Un olor denso a humo la despertó de golpe. Salió al patio, miró hacia el campo donde jugaban de niñas y construían cabañas, y vio una columna de fuego «de hasta 6 metros de altura» alzándose hacia el cielo. Los helicópteros y las avionetas pasaban por encima. Pero iban hacia la izquierda. El fuego, sin embargo, se venía directo hacia su casa. «Cogí una manguera y empecé a mojar como pude. Sabía que si llegaba a las ventanas de los vecinos, las casas arderían enteras», recuerda. Su hermana llegó minutos después. Entre las dos, mojaron, refrescaron, corrieron, gritaron. «Era un mar de pasto, nos llegaba hasta las ventanas del jardín. No podíamos dejar que se lo llevase todo».
Vecinas de la urbanización Calypo Fado, el día después del incendio.
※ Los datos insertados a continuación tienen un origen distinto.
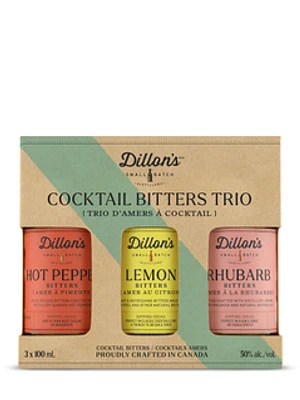 Dillon's Bitters Trio Hot Pepper Lemon and Rhubarb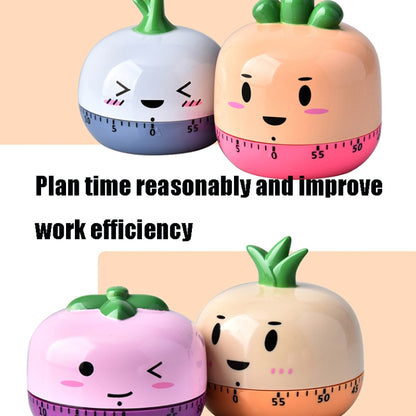 Kitchen Mechanical Timer Cartoon 60 Minutes Timer Baking Cooking Reminder(Carrot) - Digital Countdown by buy2fix | Online Shopping UK | buy2fix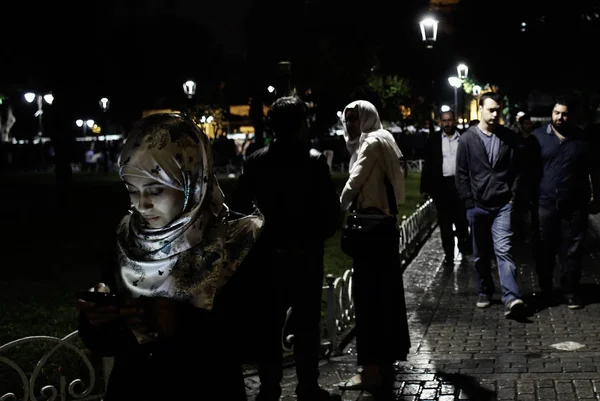 Istanbul Türkei Mai 2015 Tausende Gläubige Versammelten Sich Hagia Sophia — Stockfoto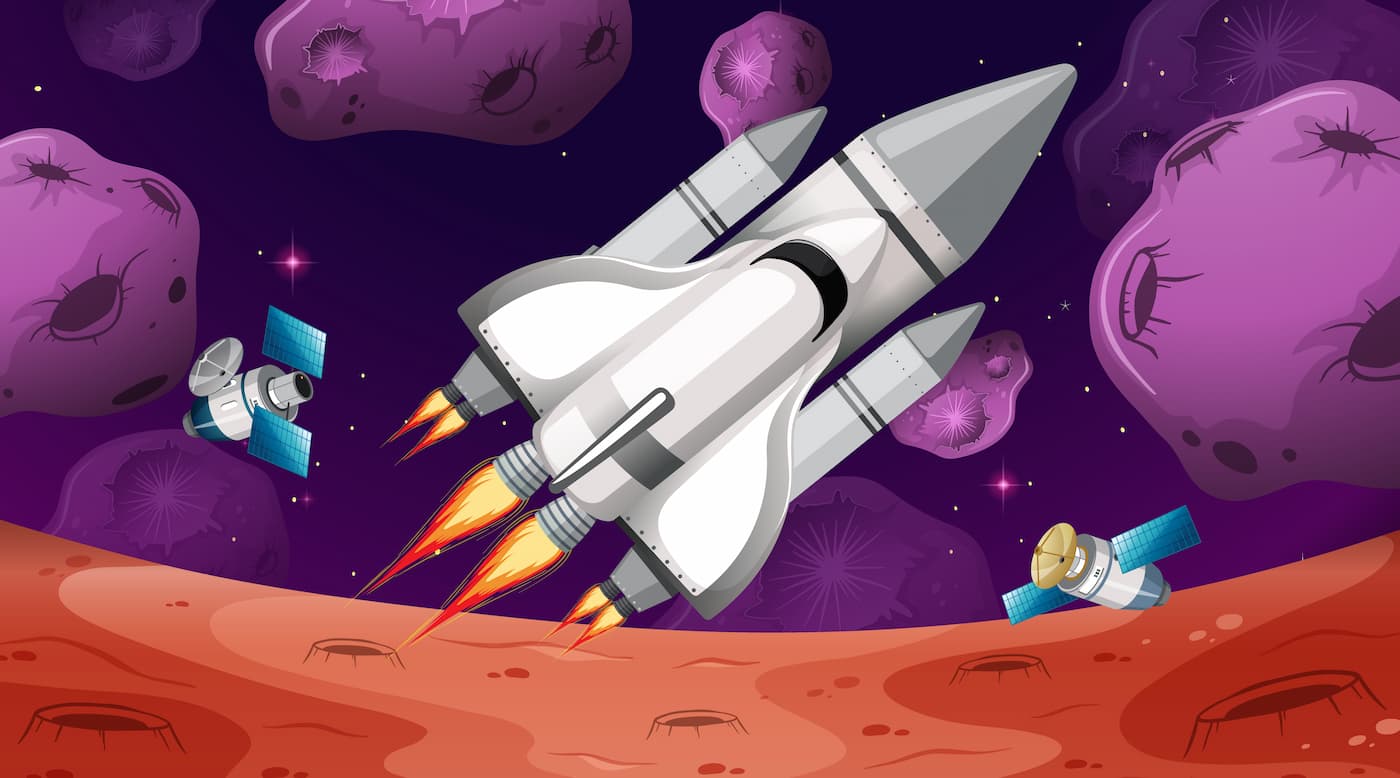 Children's Wallpaper - Space Adventure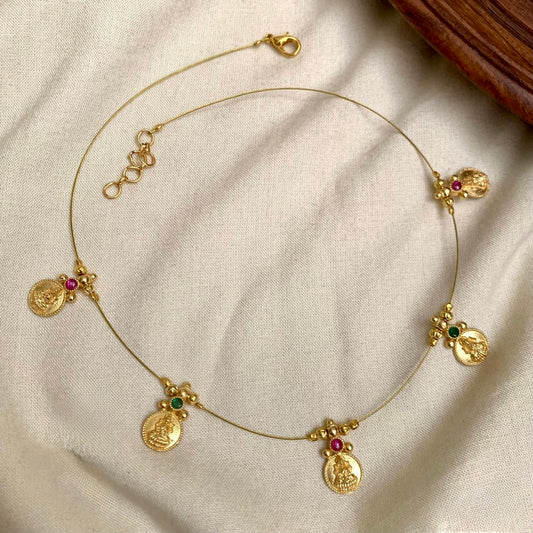Amera - Invisible chain with Kaashu Coin Pendants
En la casa estaban los hijos de Carolina, que presenciaron todo con miedo. Uno de ellos, de cerca de ocho años, decía exaltado: «Se ha quemado todo nuestro campo». Las llamas rodeaban la urbanización por varios frentes. No había llegado ningún aviso oficial para evacuar. Al contrario: el mensaje que recibió su sobrino decía que se quedaran dentro de casa. Pero eso, dicen, era una trampa. «Nos empezaron a llover bolas de fuego, de la palmera caían como brasas encendidas», relata Margarita. «Sentía que se me quemaban los brazos, la cara, y que me asfixiaba. Todavía hoy tengo la boca seca, pero ayer me costaba hasta hablar».
Cuando llegó la Guardia Civil, encontraron a las hermanas empapadas en sudor y ceniza, con la manguera aún en la mano. «Nos dijeron que teníamos que evacuar. Que nos fuéramos. Que ellos se quedaban», recuerda. Les dejaron la escalera, la manguera, y se marcharon. No sin antes rogar que siguieran mojando la parte de atrás, donde el fuego avanzaba sin freno.
«Cuando volví, me encontré el jardín negro»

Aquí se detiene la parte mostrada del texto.